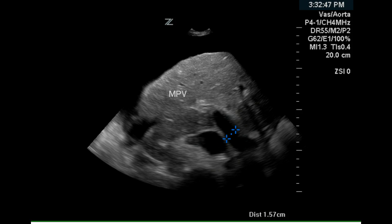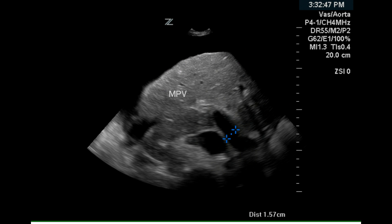This is a hepatic doppler examination of a patient who has portal hypertension. On this image we can see that the liver is increased in echogenicity and has a mild lobular surface along the capsule.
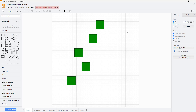That is how you can utilize the shape distribution options inside of diagrams.net. Hope you guys learned something. Please like, comment, share, and subscribe.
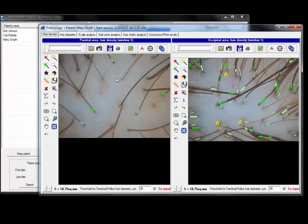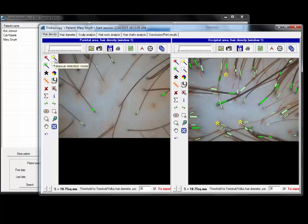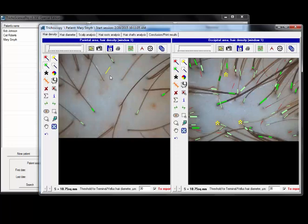Occasionally there might be a blonde hair or a gray hair or just a faint hair that's hard to see and the semi-automatic detection mode won't capture it. That's where the scroll wheel will come into play on your mouse. You click on the manual detection mode button and then you're just going to highlight the hair, and then you use your scroll wheel to measure the thickness. That looks about right, so I just click off.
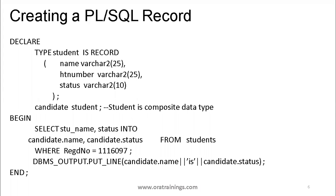Here is an example. In the declaration section, we declare TYPE student IS RECORD with three variables: name, hall ticket number, and status. We then declare a variable called 'candidate' of data type student, which can hold those three values. It can hold only one record — it cannot hold the data of multiple records. It can hold data of only one particular student in this case.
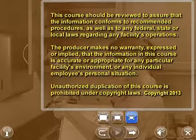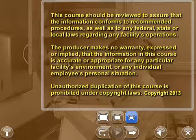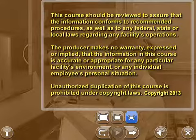This course should be reviewed to assure that the information conforms to recommended procedures, as well as to any federal, state, or local laws regarding any facility's operations. The producer makes no warranty, expressed or implied, that the information in this course is accurate or appropriate for any particular facility's environment or any individual employee's personal situation. Unauthorized duplication of this course is prohibited under copyright laws.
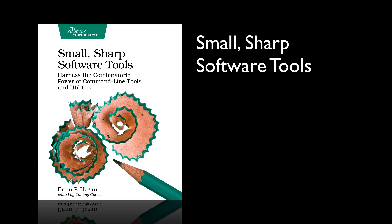Hi everyone, I'm Brian Hogan, the author of the book Small Sharp Software Tools, the book that walks you through getting better at the bash command line interface found on Linux, Mac OS, and Windows 10 with the Windows subsystem for Linux.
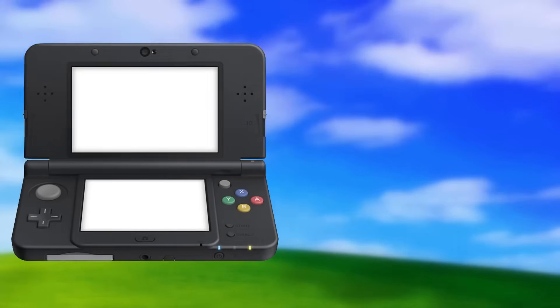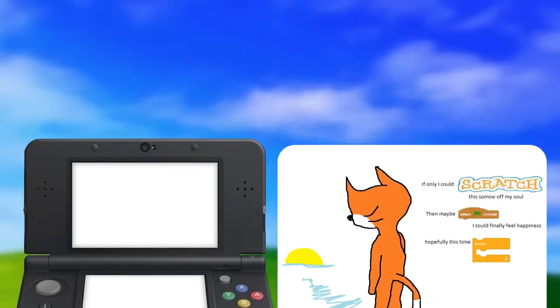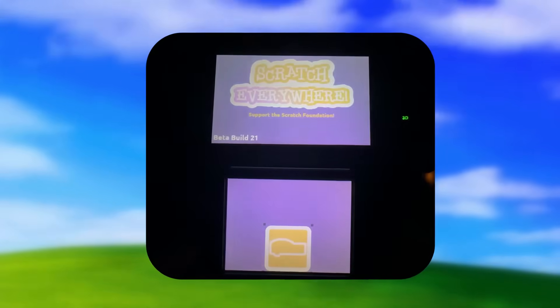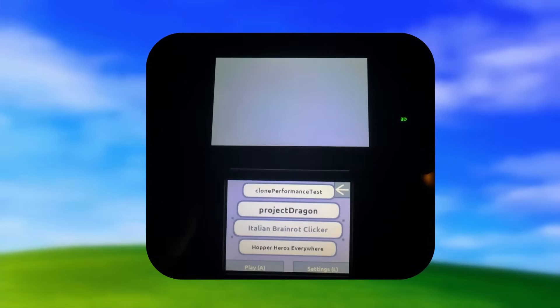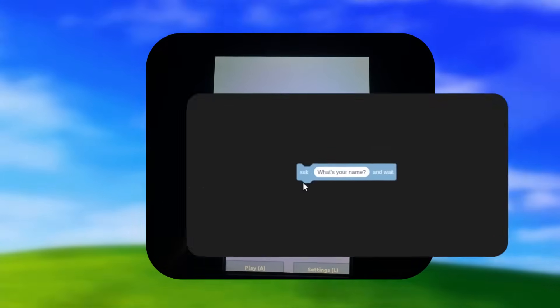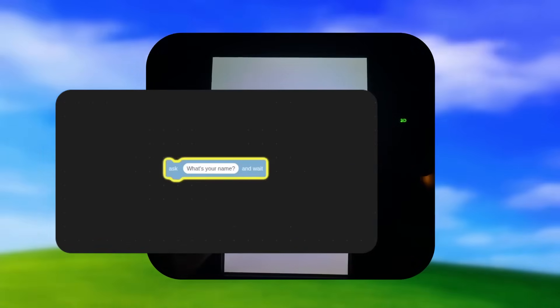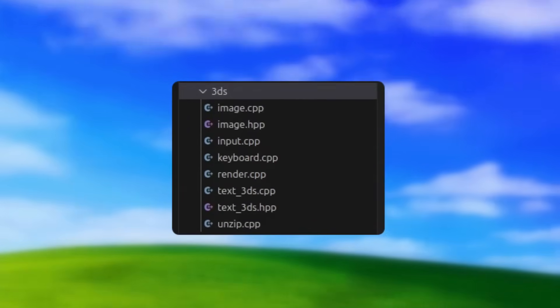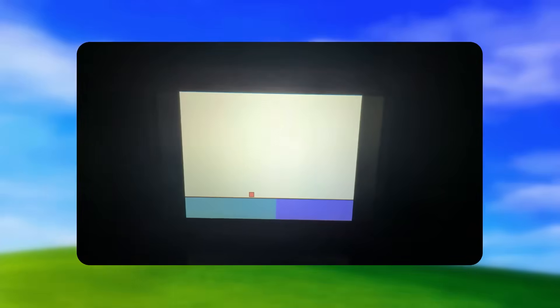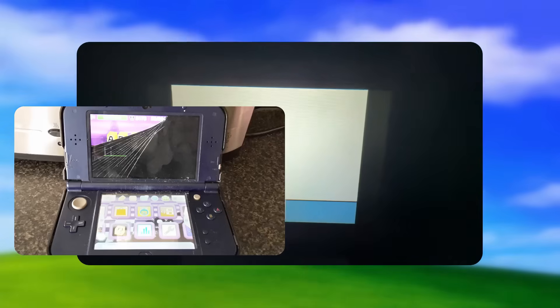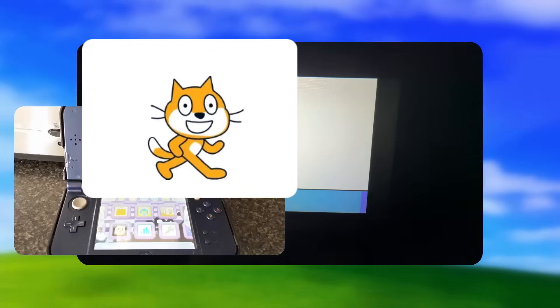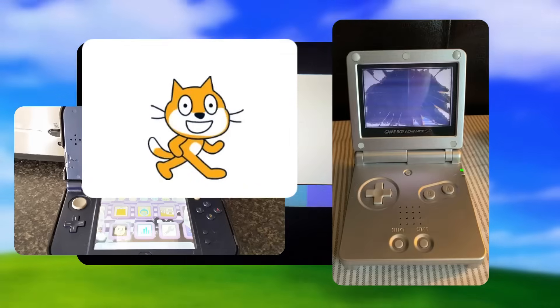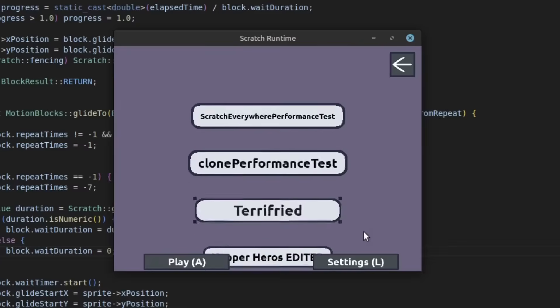The first thing I would need to do is separate all the 3DS-specific code away from the Scratch code, so I had to find everywhere I was using 3DS code, even just for tiny things like how one of the blocks makes it open the keyboard. Then in the 3DS's make file, I can tell it to only compile the 3DS code and the Scratch code, not any of the other code from the other platforms.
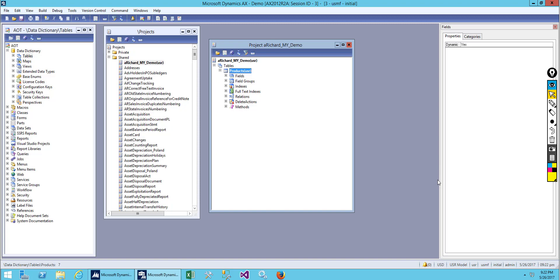Hello everybody and welcome back. Hope you guys are doing well. In this video we will continue with our previous lesson where we created one table and added one field which is item ID.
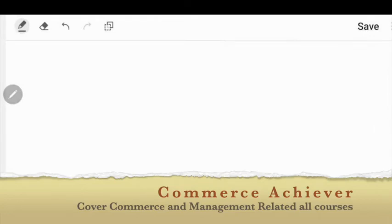Hello friends, welcome to the Commerce Achiever platform. In this platform we are going to cover all the subjects related to commerce and management, and we'll give you different courses for that. Please visit our website at www.commerceachiever.com to get expert knowledge. Please subscribe to our channel and click the bell icon to get the latest notifications of videos uploaded.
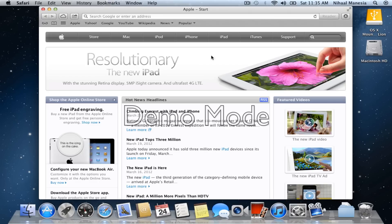So, that's pretty much everything in Mountain Lion Developer Preview 2. So, thanks for watching guys.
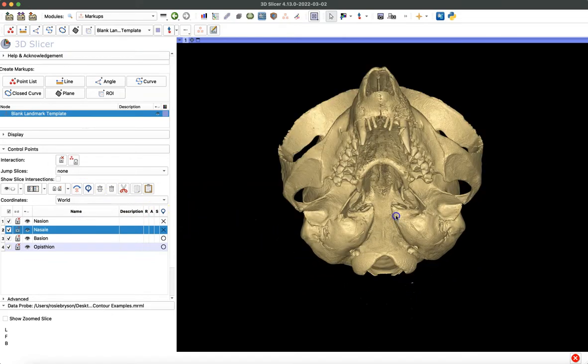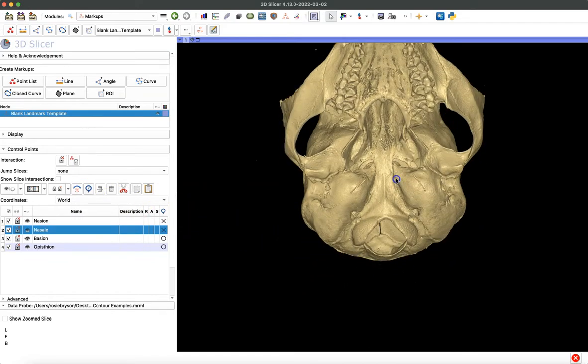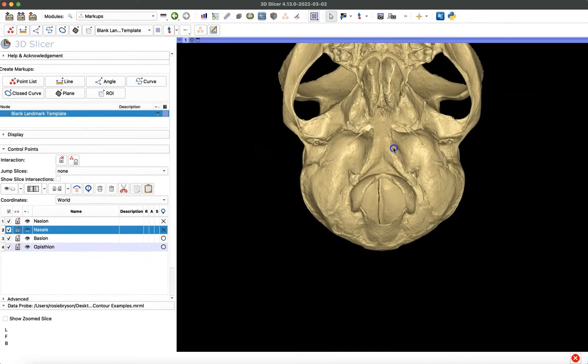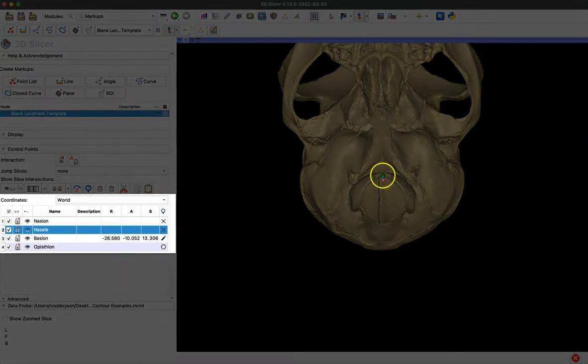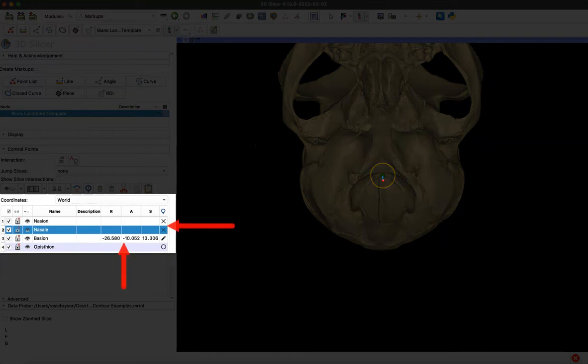Now that I've clicked that, the first place it's going to jump to when I place a point is now basion. You can see those X's next to nasion and nasale. Now when I place a point, I've got data for basion and now opisthion.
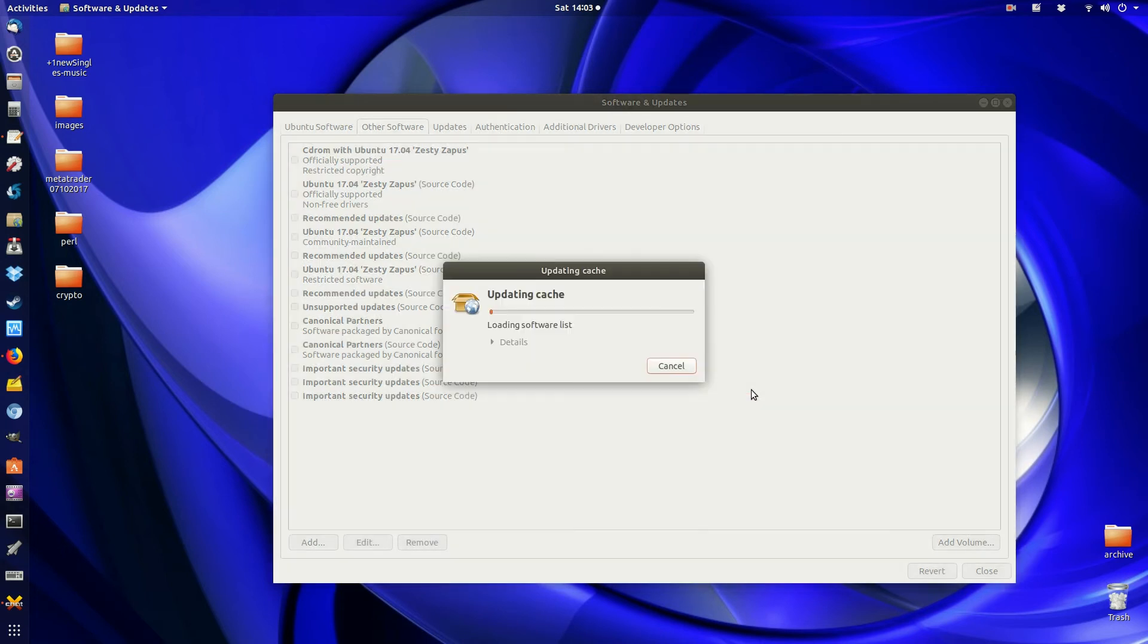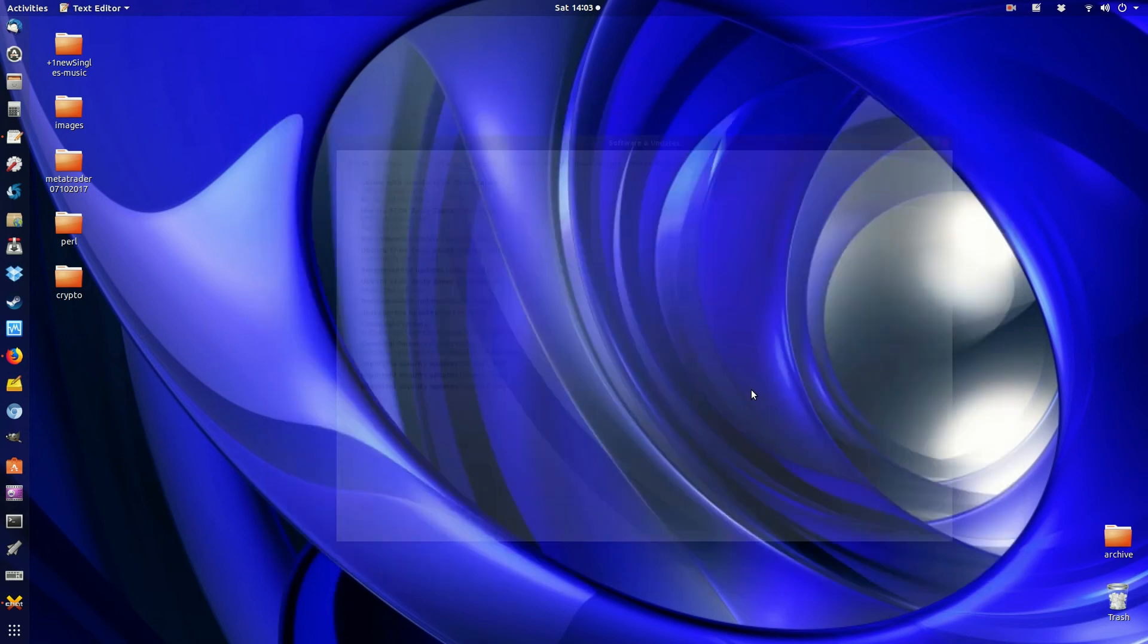When you click this, it's the same as typing 'sudo apt update' in the terminal. It's updating those repositories, indicating that the PPA is no longer there.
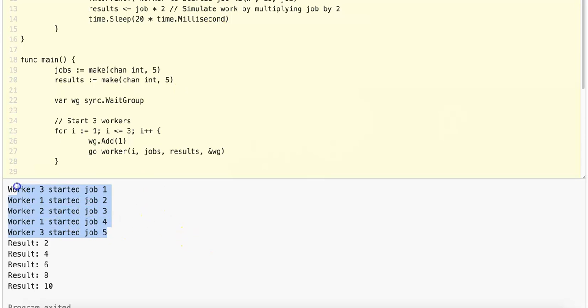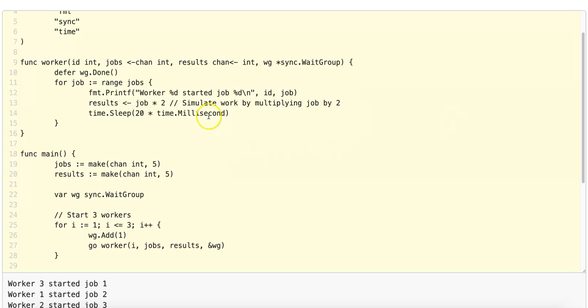You can see there's a lot more variation now: worker 3 starting job 1, worker 1 taking on another job, worker 2, worker 1, worker 3. This is because the time.Sleep for 20 milliseconds ensures that this worker is not going to process the job and then continue processing all of the subsequent jobs.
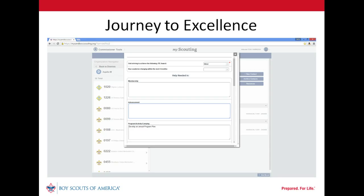Step 6 of the detailed assessment, Unit Priorities and Other Details, provides space to record the level of JTE achievement the unit's key leaders want to attain. Here we can see our unit leaders have set JTE Silver as their goal for the current year. Setting a goal isn't required — no ranking is an option for this field.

# Task statement:
In the answer, set down only the lines from the opening line of the listing through the line that holds "Here is an example.", exactly as they appear, minus the pictures.

# Written solution:
This is a hepatic doppler examination of a patient who has portal hypertension. On this image we can see that the liver is increased in echogenicity and has a mild lobular surface along the capsule.
That is how you can utilize the shape distribution options inside of diagrams.net. Hope you guys learned something. Please like, comment, share, and subscribe.
Occasionally there might be a blonde hair or a gray hair or just a faint hair that's hard to see and the semi-automatic detection mode won't capture it. That's where the scroll wheel will come into play on your mouse. You click on the manual detection mode button and then you're just going to highlight the hair, and then you use your scroll wheel to measure the thickness. That looks about right, so I just click off.
Here is an example. In the declaration section, we declare TYPE student IS RECORD with three variables: name, hall ticket number, and status. We then declare a variable called 'candidate' of data type student, which can hold those three values. It can hold only one record — it cannot hold the data of multiple records. It can hold data of only one particular student in this case.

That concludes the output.